**COLLECTED MATERIAL**
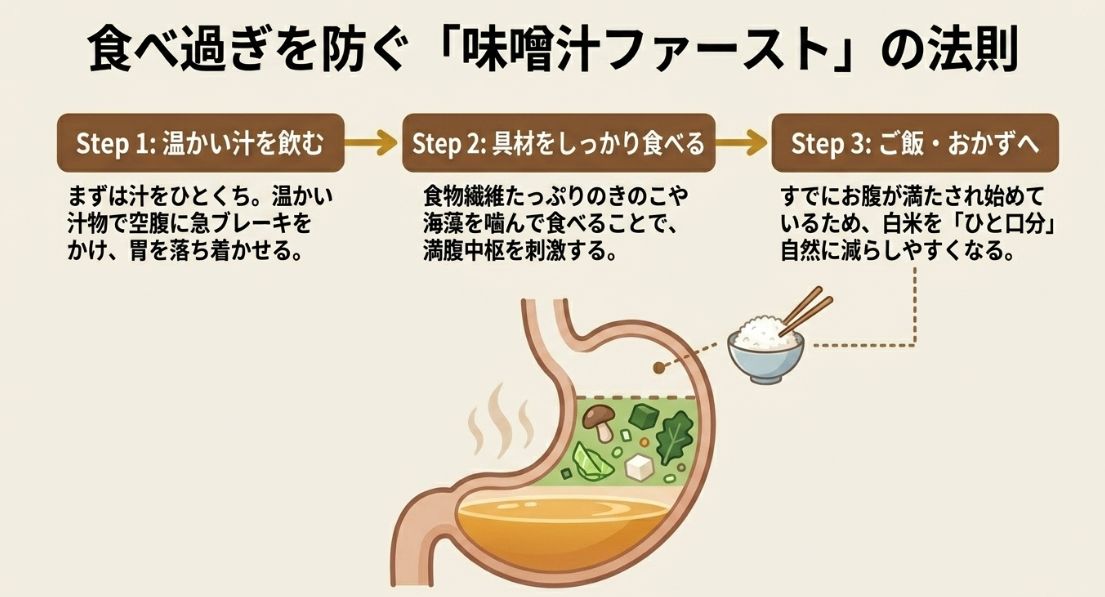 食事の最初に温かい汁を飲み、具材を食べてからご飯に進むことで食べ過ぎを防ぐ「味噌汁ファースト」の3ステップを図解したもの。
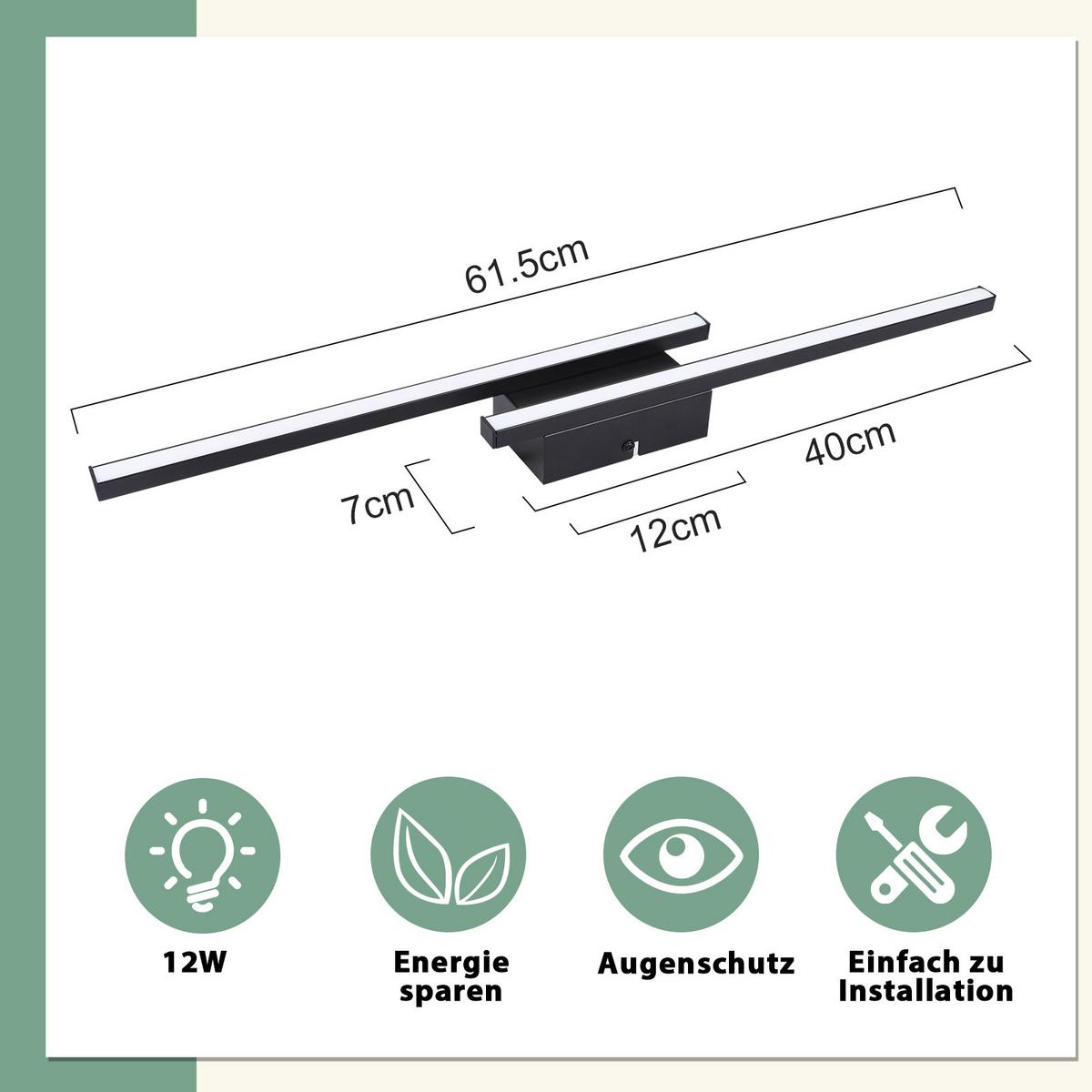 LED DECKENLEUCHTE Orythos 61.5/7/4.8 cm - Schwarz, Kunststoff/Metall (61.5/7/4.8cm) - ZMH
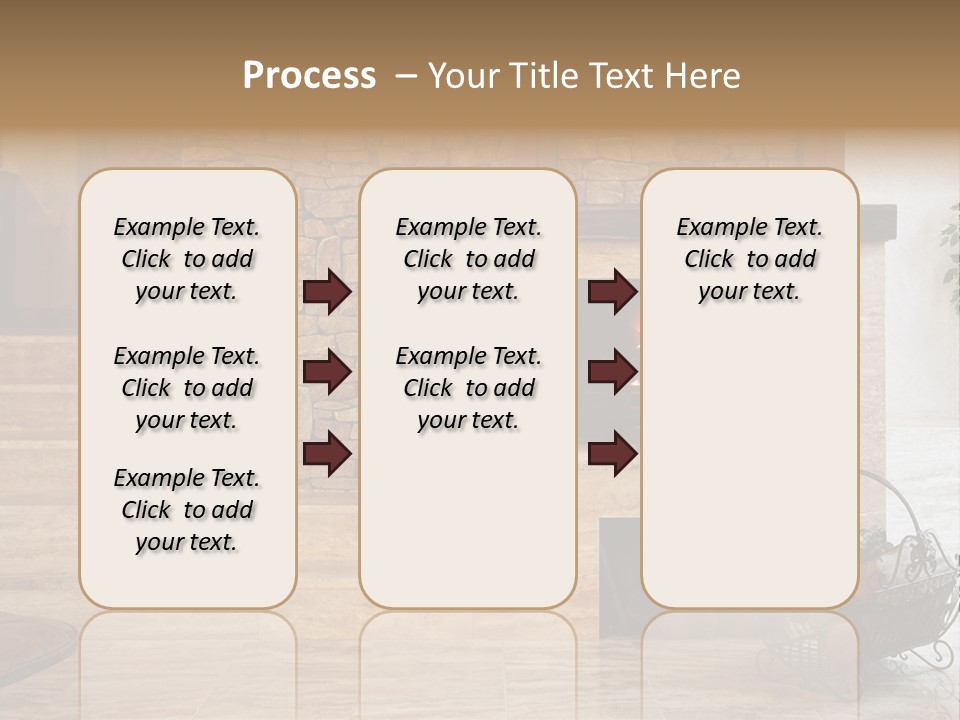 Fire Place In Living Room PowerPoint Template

**EXERCISE DESCRIPTION**
Omit every picture while copying the listing above exactly.

**SOLUTION TO THE PROBLEM**
 食事の最初に温かい汁を飲み、具材を食べてからご飯に進むことで食べ過ぎを防ぐ「味噌汁ファースト」の3ステップを図解したもの。
 LED DECKENLEUCHTE Orythos 61.5/7/4.8 cm - Schwarz, Kunststoff/Metall (61.5/7/4.8cm) - ZMH
 Fire Place In Living Room PowerPoint Template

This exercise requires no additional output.